CHANGE: Trump’s Tariffs: Rewriting Economic Thinking About Free Trade.
With the OBBB rewarding income generation and tariffs penalizing consumption, the combo is revolutionary in modern times.
Since Lyndon Johnson launched the War on Poverty, the U.S. has transformed into a consumption-driven service economy with increasing income redistribution, i.e. social welfare programs. Apparently believing that a dead-end formula, President Trump is trying to reverse all three elements: less consumption, more production and less income redistribution. The idea is that more production will generate more income at all levels, reducing the need for social welfare programs. Take note, Democratic Socialists.
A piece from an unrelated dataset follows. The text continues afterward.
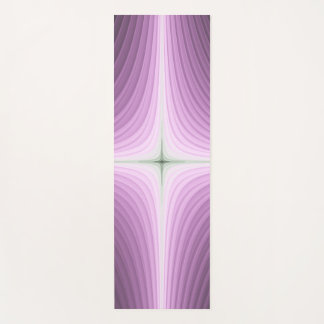 Quazar - Yoga mat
Will it work? There are no guarantees. Tariffs could unleash inflation, or, worse, stagflation or, even, recession. Will it be easy? Trump himself has said it will involve some pain, mostly the aforementioned risks. More worrisome is the President veering off-course to use tariffs as an instrument of non-economic foreign policy, penalizing Canada for its Mideast policy.
In the main, though, strategic use of tariffs is rewriting economic thinking about free trade. When first developed, free trade theory did not contemplate the mobility of capital. Yet, under globalization, capital can move swiftly to locations with the lowest labor cost. Over the last two to three decades, capital moved to China to leverage its low labor costs. The result is a manufacturing juggernaut, which has an absolute advantage that overwhelms the notion of comparative advantage central to free trade theory.
Putting American workers in competition with low-cost labor three decades ago led directly to Trump.
Turning a potential rival like Communist China into a manufacturing powerhouse was just stupid.